-- Opening Marker --

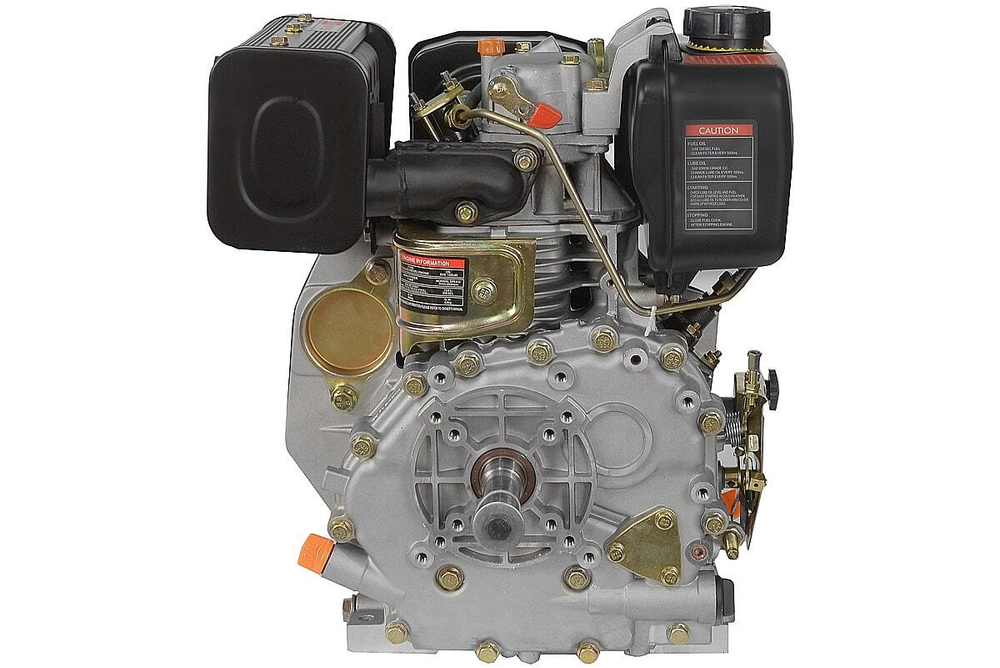 Двигатель дизельный TSS Excalibur 178F-K1 (вал цилиндр под шпонку 25/72.2 / key)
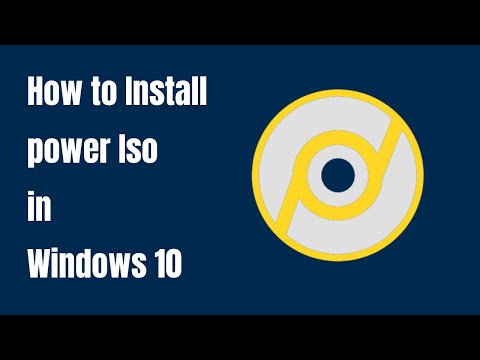 How to Install PowerISO on Windows 10: Step-by-Step Guide (2024) || Virtual Comrade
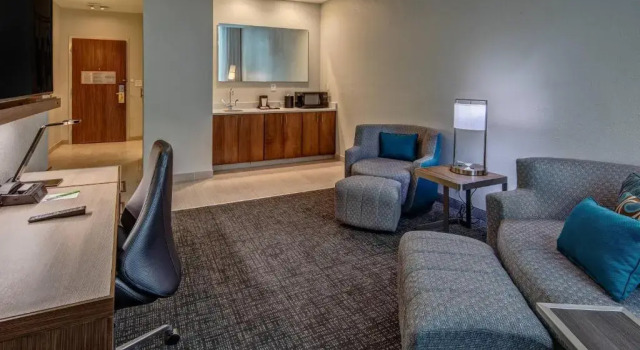 Люкс Courtyard by Marriott Dulles Airport Herndon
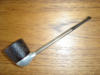 Estate aluminium shanked billiard. Made in England.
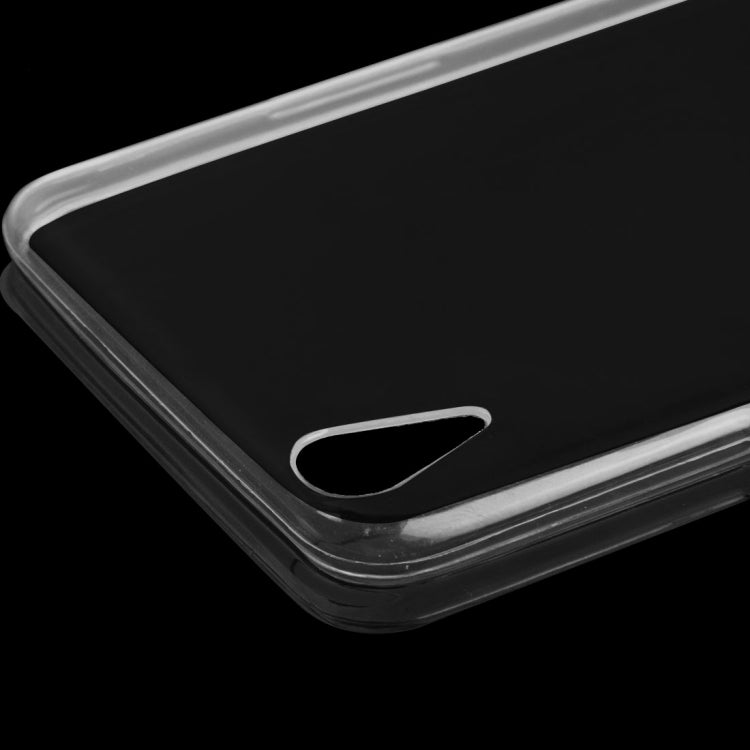 For OPPO  R9 Plus 0.75mm Ultra-thin Transparent TPU Protective Case(Transparent)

-- Closing Marker --

Assignment:
Everything from the line containing "Estate aluminium shanked" through the last line of the entries must be repeated verbatim, except pictures.

Finished exercise:
 Estate aluminium shanked billiard. Made in England.
 For OPPO  R9 Plus 0.75mm Ultra-thin Transparent TPU Protective Case(Transparent)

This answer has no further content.